Ava White: 14-year-old boy convicted of murdering 12-year-old girl stabbed to death after a row of Snapchat videos

A teenager has been convicted of murder after stabbing a 12-year-old girl after a dispute over a Snapchat video.

Ava White was killed after a “casual encounter” with the 14-year-old, who could not be named for legal reasons, the night the Christmas lights were lit in Liverpool.

He stabbed her in the neck with a knife after she asked a group of boys to stop filming her and her friends.

After attacking her, the defendant “smiled” and fled, a witness told Liverpool Crown Court during a two-week trial.

The boy, who claimed to have acted in self-defense and denied the murder, grabbed his head in his hands as he was convicted Tuesday afternoon to the applause of more than 20 members of Ava’s family sitting in the public gallery.

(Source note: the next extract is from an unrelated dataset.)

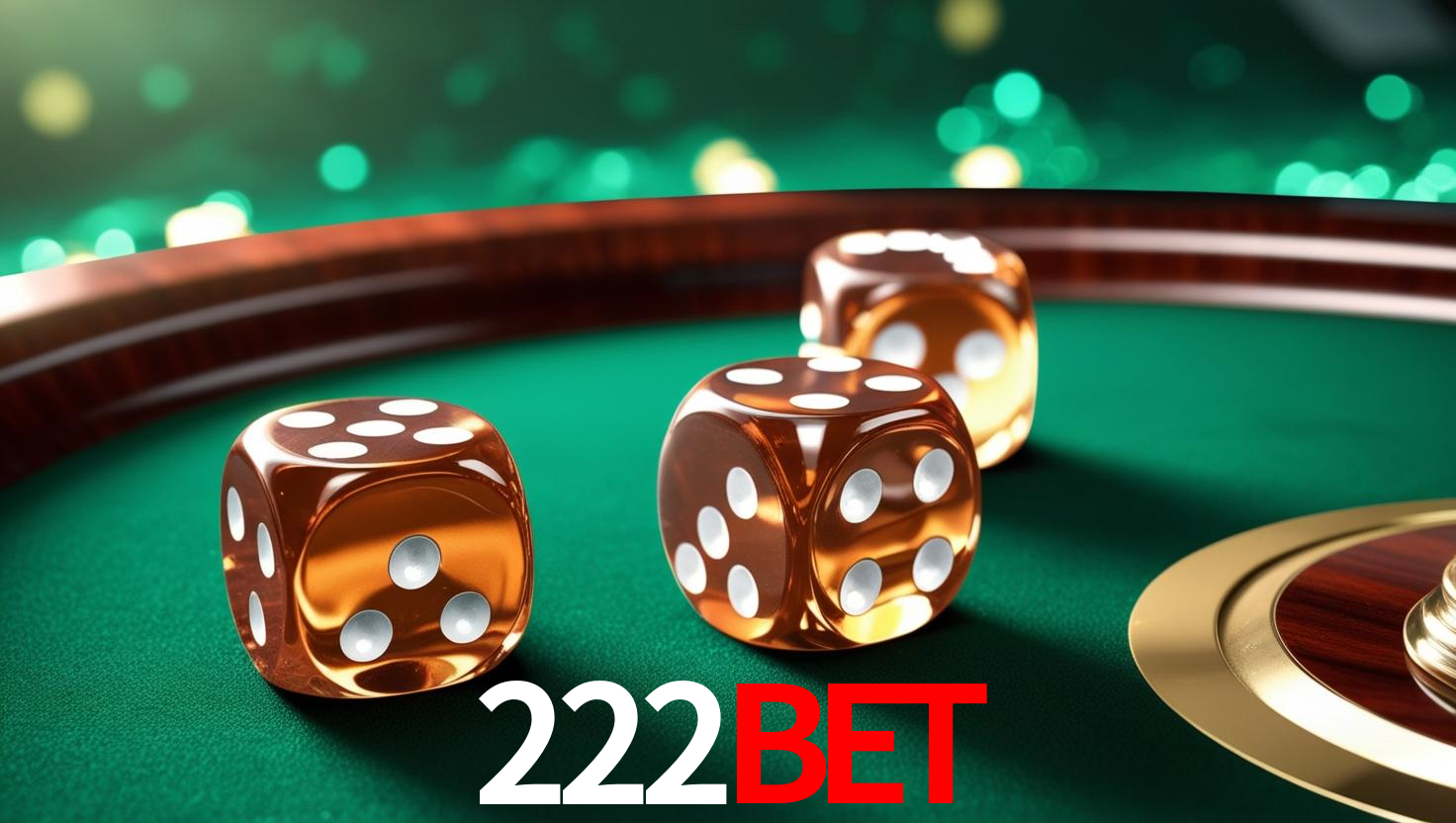 Cadastro Rápido 222BET.COM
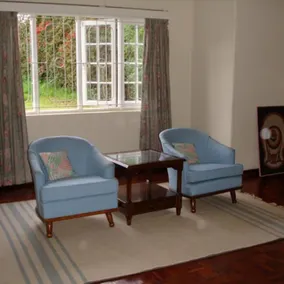 Amboni Lodge - Image 4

A 20-second clip showing the stabbing was played during the trial, leaving his family crying.

The boy had previously pleaded guilty to possession of an offensive weapon after being found with a 7.5 cm blade.

The court said Ava and her friends, all aged between 11 and 15, had shared some alcohol and were “colliding” near the Royal Court Theater in central Liverpool on 25 November. .

The boy and his friends saw them and began filming a video, which he later shared on Snapchat.

After Ava asked the boys to stop filming and remove the footage, they “mocked” the girl who ran towards them before the defendant “stabbed a knife in the neck of this unarmed child.” said Charlotte Newell QC, for the prosecution.

“Her reaction at the time was to smile, laugh and run away, leaving Ava to die as she sought to distance herself from her actions,” he said.

Ava’s last words to her friends while she was dying on the floor were “don’t leave me.”

After the stabbing, the boy “began a conscious cover-up” of the crime, discarding his knife, phone and coat.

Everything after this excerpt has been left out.